[Opening Data extract section]

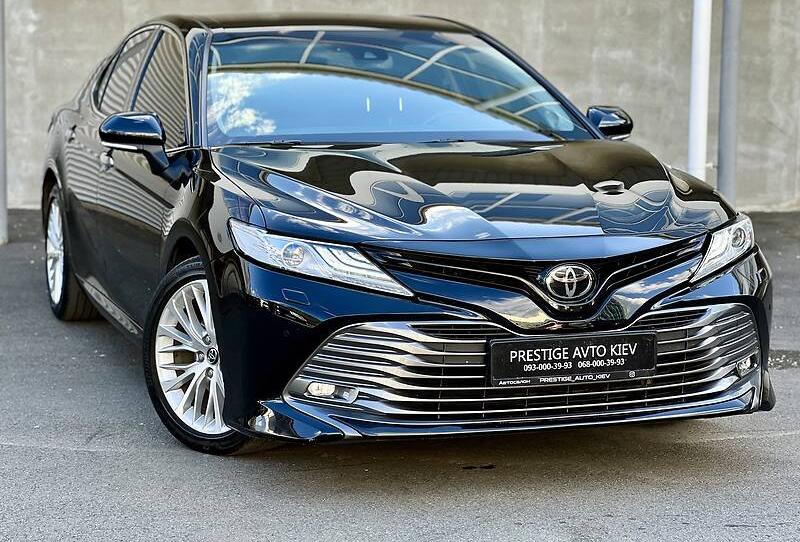 Toyota Camry PREMIUM  2018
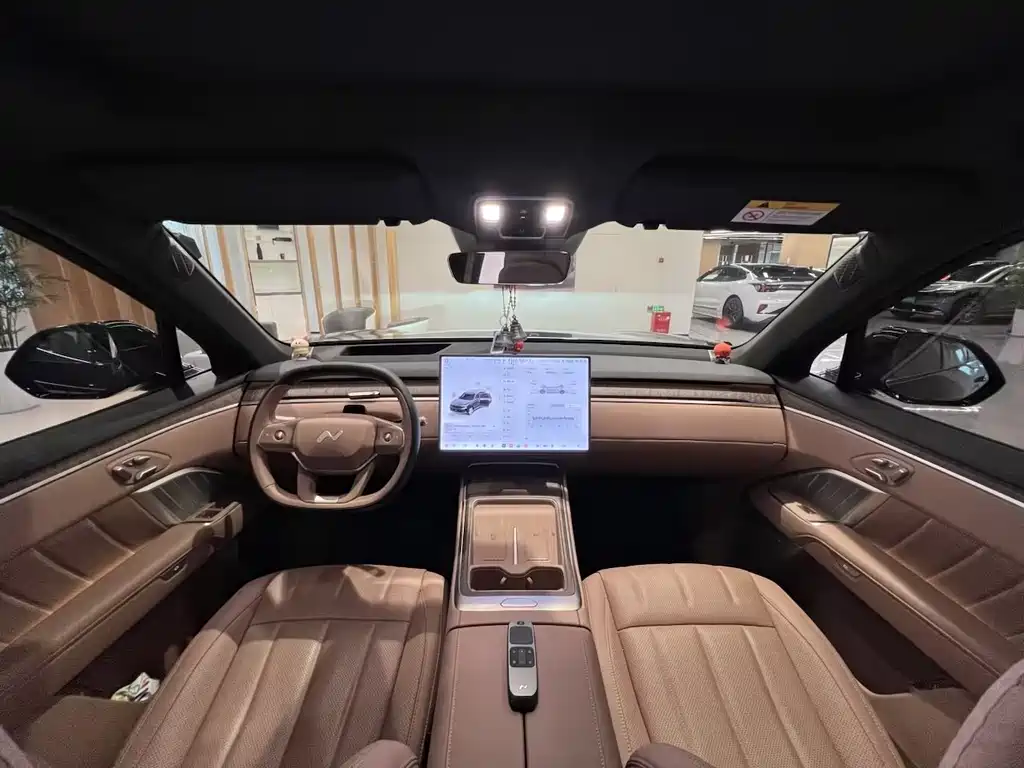 NIO NIO L90 2025 Max 6-seater Edition 2025 - thumbnail 12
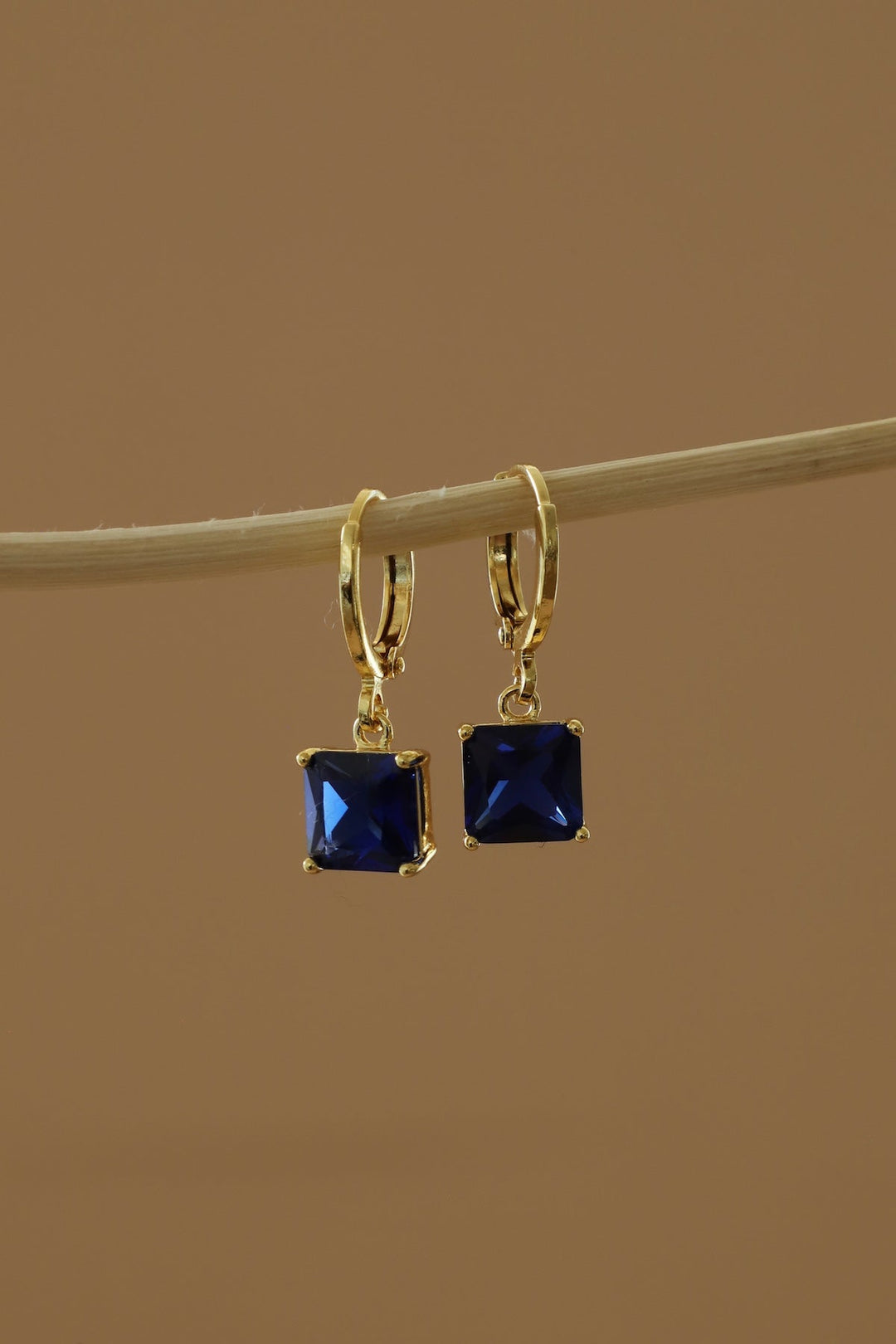 SQUARE BIRTHSTONE HUGGIES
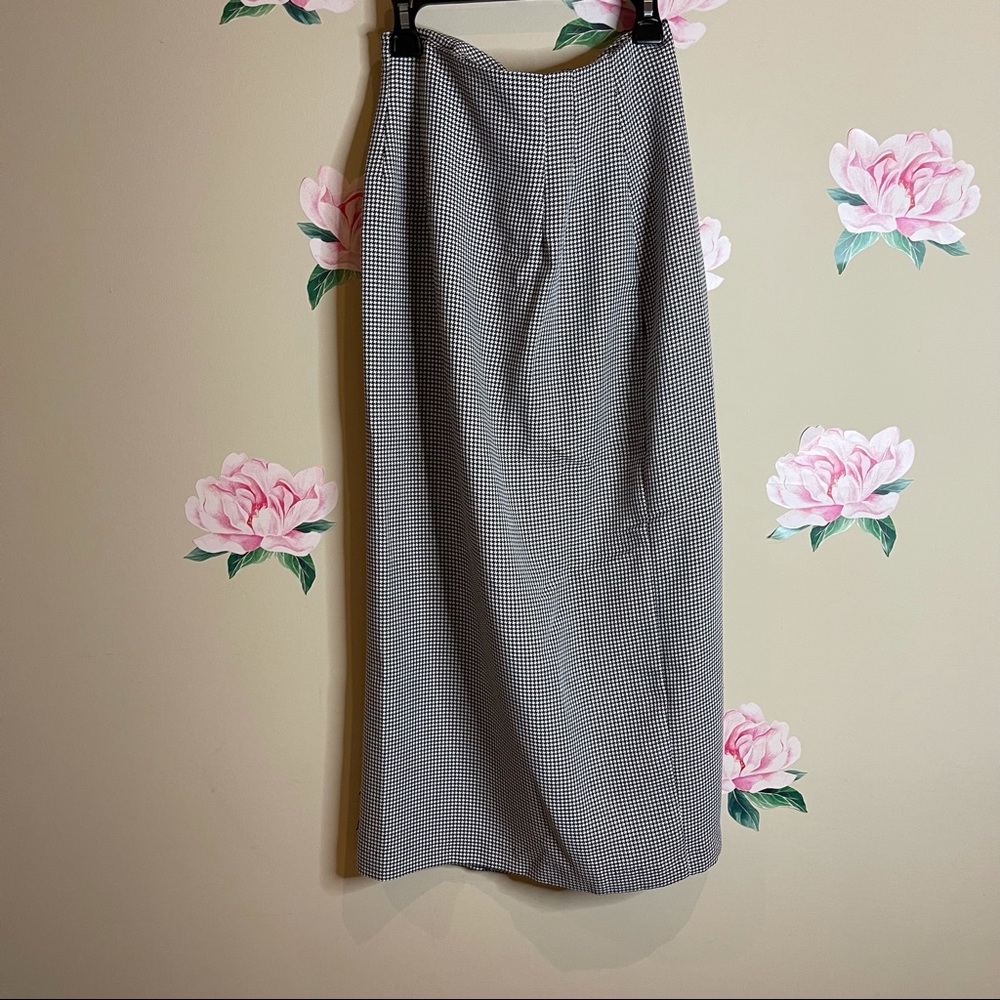Checked Pattern Midi Skirt -R-11 - Picture 4 of 9
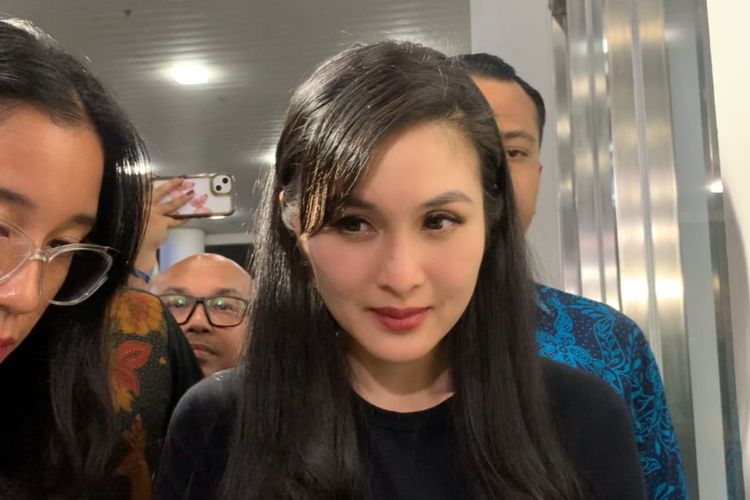  Sandra Dewi Siap Bersaksi di Sidang Kasus Korupsi Suaminya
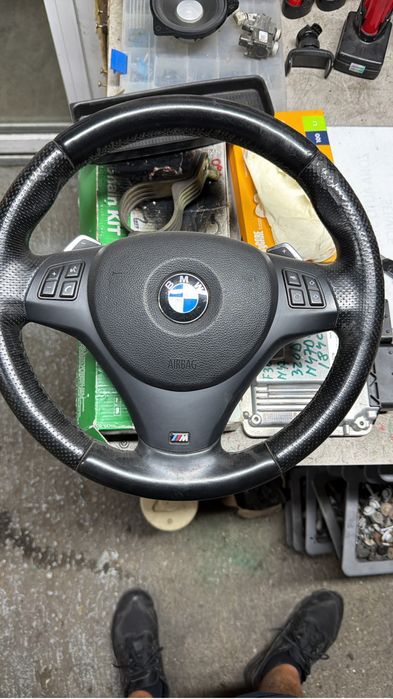 Volan m pachet padele bmw e90 e91 e92 e93 e87 e81 e82 e88 e84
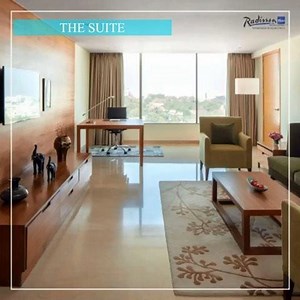 23 reactions | Largest rooms in the city, spread across 474 sq. feet...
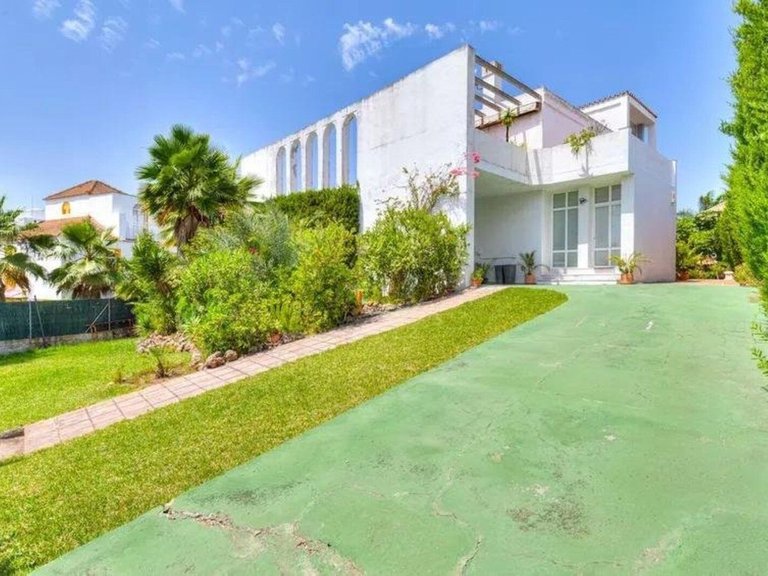 Villa for Sale in Nueva Andalucía, Malaga 6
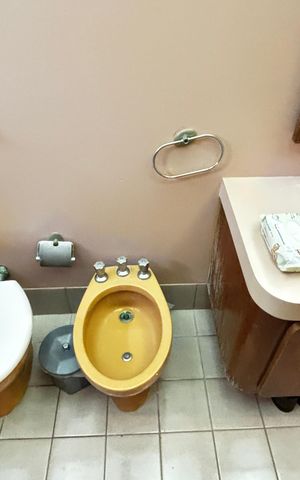 Apartamento à venda com 160m², 3 quartos e 2 vagas Apartamento à venda com 160m², 3 quartos e 2 vagasBanheiro da Suíte
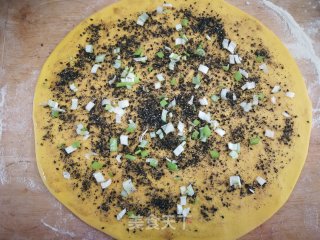 黑芝麻椒盐南瓜咸窝窝的做法步骤：17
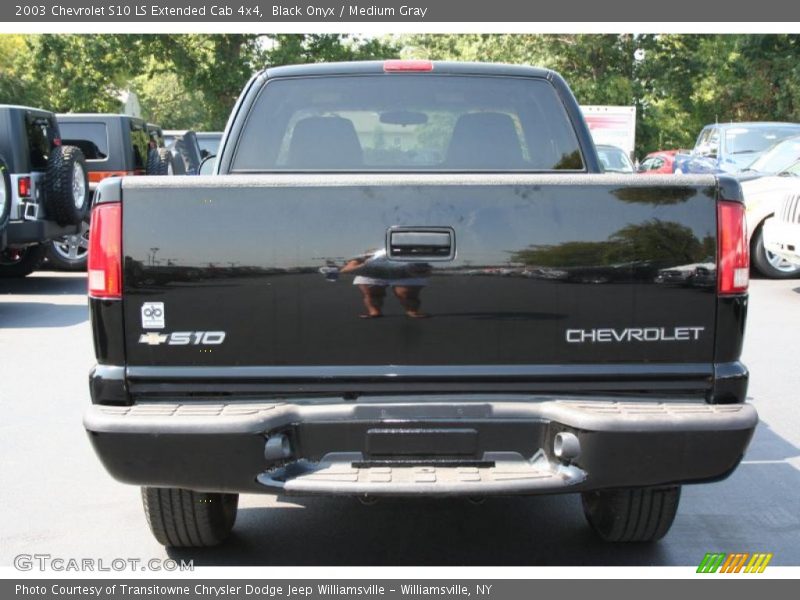 Black Onyx / Medium Gray 2003 Chevrolet S10 LS Extended Cab 4x4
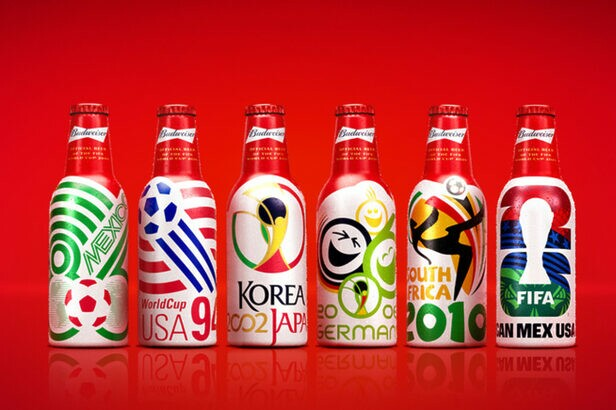 BUDWEISER RELEMBRA MUNIDIAIS COM GARRAFAS COLECION�VEIS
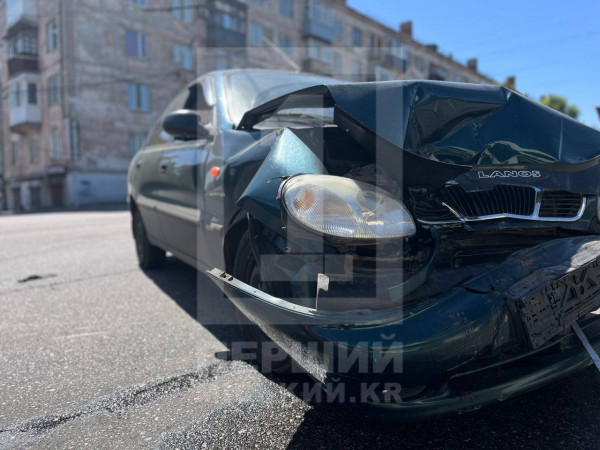 ДТП на вулиці Колачевського: два водії отримали травми1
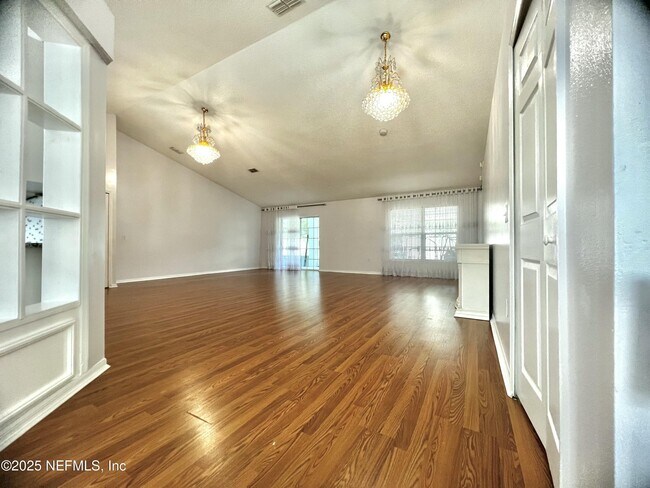 Foto del edificio - 11395 Aston Hall Dr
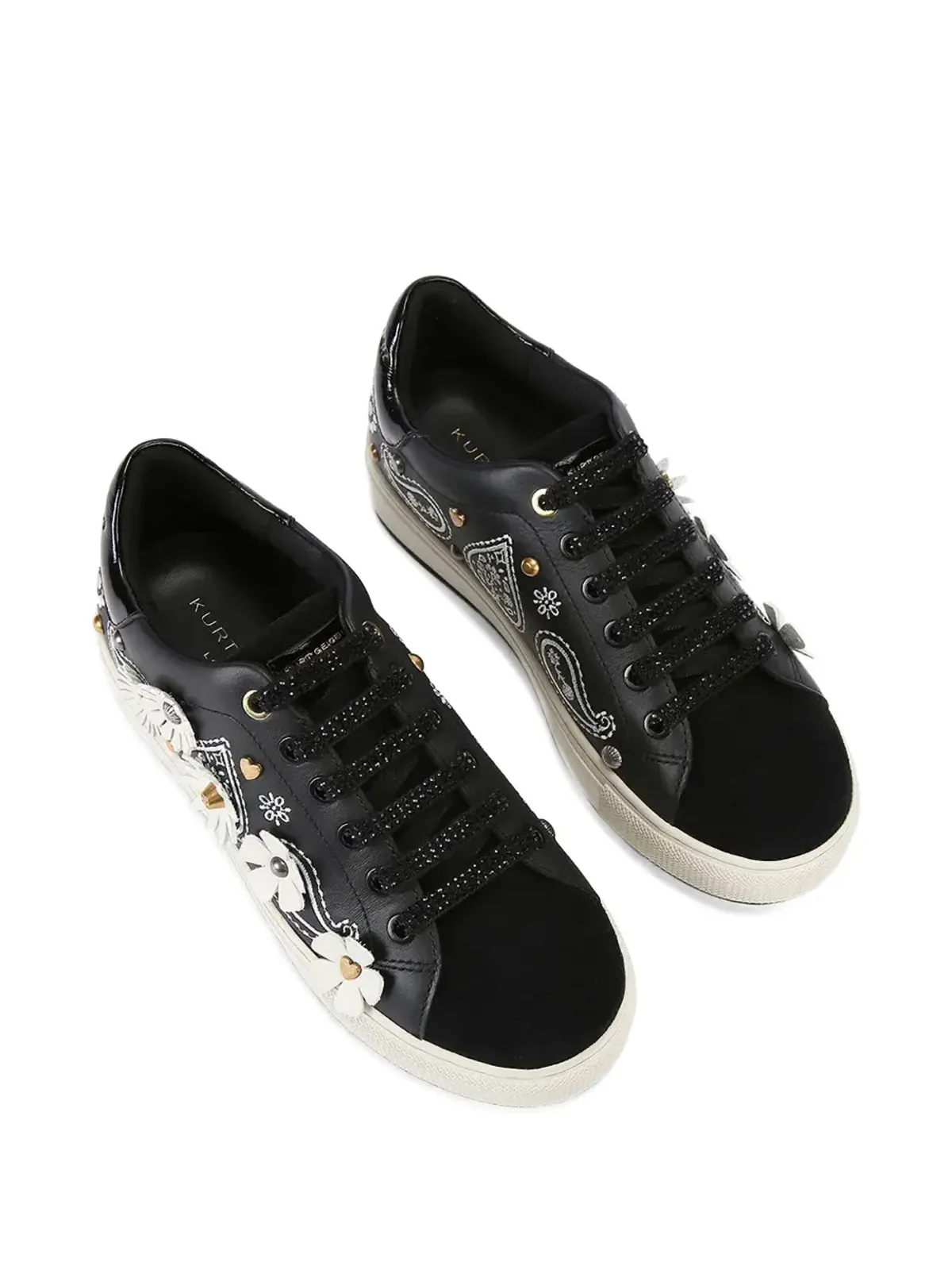Kurt Geiger London 花柄アップリケ付きスタッズスニーカー（ブラック） - 画像2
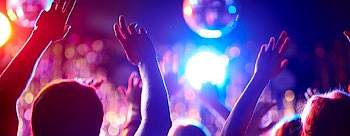 Die geilste Party Berlins im Hummer - Feier ab in einer Limousine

[Closing Data extract section]

About this exercise:
Please output the records above exactly, without the pictures.

Result of the exercise:
 Toyota Camry PREMIUM  2018
 NIO NIO L90 2025 Max 6-seater Edition 2025 - thumbnail 12
 SQUARE BIRTHSTONE HUGGIES
Checked Pattern Midi Skirt -R-11 - Picture 4 of 9
  Sandra Dewi Siap Bersaksi di Sidang Kasus Korupsi Suaminya
 Volan m pachet padele bmw e90 e91 e92 e93 e87 e81 e82 e88 e84
 23 reactions | Largest rooms in the city, spread across 474 sq. feet...
 Villa for Sale in Nueva Andalucía, Malaga 6
 Apartamento à venda com 160m², 3 quartos e 2 vagas Apartamento à venda com 160m², 3 quartos e 2 vagasBanheiro da Suíte
 黑芝麻椒盐南瓜咸窝窝的做法步骤：17
 Black Onyx / Medium Gray 2003 Chevrolet S10 LS Extended Cab 4x4
 BUDWEISER RELEMBRA MUNIDIAIS COM GARRAFAS COLECION�VEIS
 ДТП на вулиці Колачевського: два водії отримали травми1
 Foto del edificio - 11395 Aston Hall Dr
Kurt Geiger London 花柄アップリケ付きスタッズスニーカー（ブラック） - 画像2
 Die geilste Party Berlins im Hummer - Feier ab in einer Limousine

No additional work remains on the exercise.